- EXTRACTED INFORMATION
* * * * *

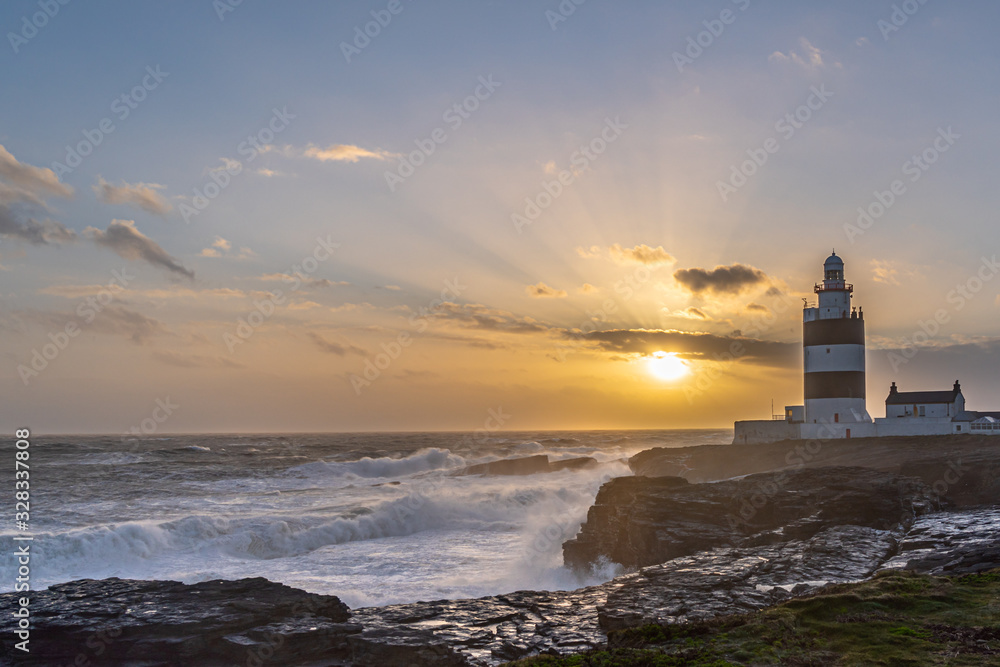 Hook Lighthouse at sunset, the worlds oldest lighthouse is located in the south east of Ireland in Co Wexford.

* * * * *

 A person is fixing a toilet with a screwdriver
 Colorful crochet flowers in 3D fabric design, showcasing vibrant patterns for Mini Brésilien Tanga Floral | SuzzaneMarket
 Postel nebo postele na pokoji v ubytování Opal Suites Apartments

* * * * *

- ACTIVITY
As listed above, the lines from the line with "Colorful crochet flowers" to the line with "Postel nebo postele" are to be echoed exactly, with both ends included and nothing added.

- REPLY
 Colorful crochet flowers in 3D fabric design, showcasing vibrant patterns for Mini Brésilien Tanga Floral | SuzzaneMarket
 Postel nebo postele na pokoji v ubytování Opal Suites Apartments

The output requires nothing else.